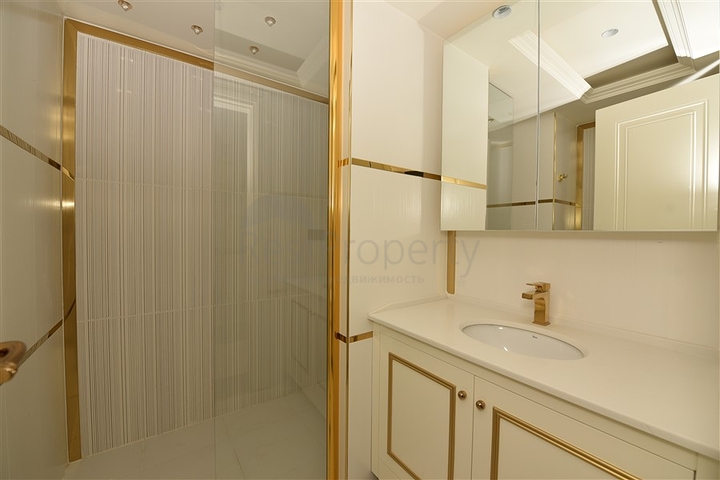 فرصة ذهبية لتملك شقة فاخرة ضمن افخم مجمعات الانيا 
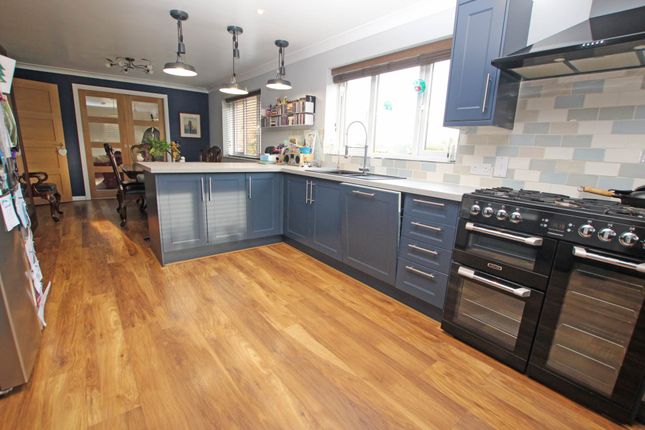 7, Rochester Close, Eastbourne photo 2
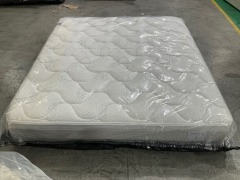 SleepMaker Walton Imperial Plush Mattress - King - 3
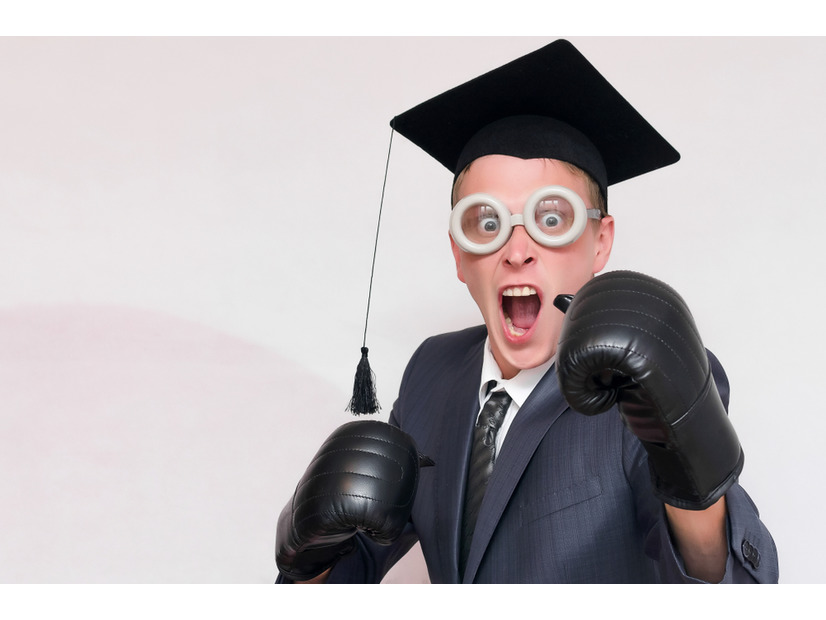 勉強漬けで「対人スキルを身につけぬまま」東大に進学した弊害か？人間関係のトラブル、東大生の独特すぎる解消法とは
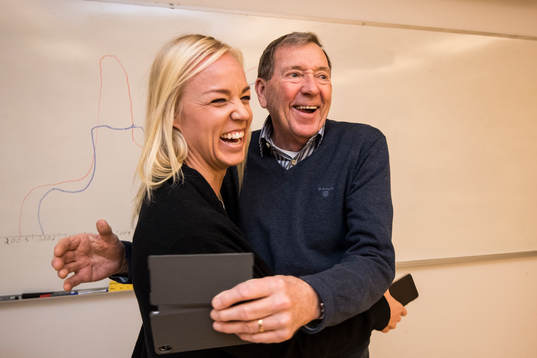 Caroline Seger kramar om sin tidigare klassföreståndare
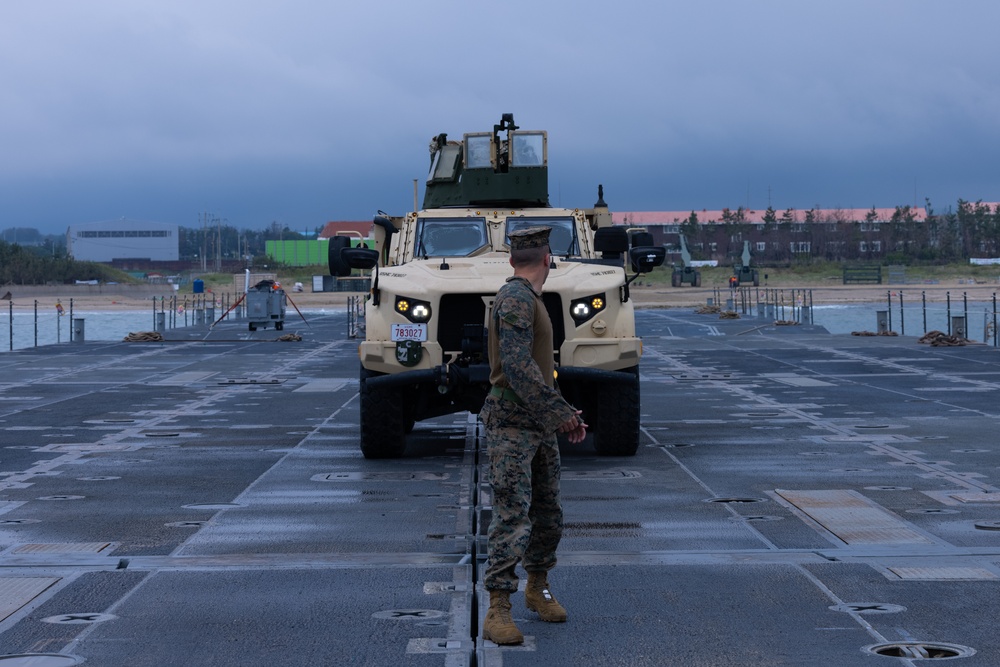 Activated Reserve Marines Conduct JLOTS training during Korea Viper 25.4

- - - - -

_GOAL OF THE EXERCISE:_
With pictures left out, print the lines of the material above from the line containing "勉強漬けで「対人スキルを身に" through its last line, exactly and nothing more.

_SOLVED EXERCISE:_
 勉強漬けで「対人スキルを身につけぬまま」東大に進学した弊害か？人間関係のトラブル、東大生の独特すぎる解消法とは
 Caroline Seger kramar om sin tidigare klassföreståndare
 Activated Reserve Marines Conduct JLOTS training during Korea Viper 25.4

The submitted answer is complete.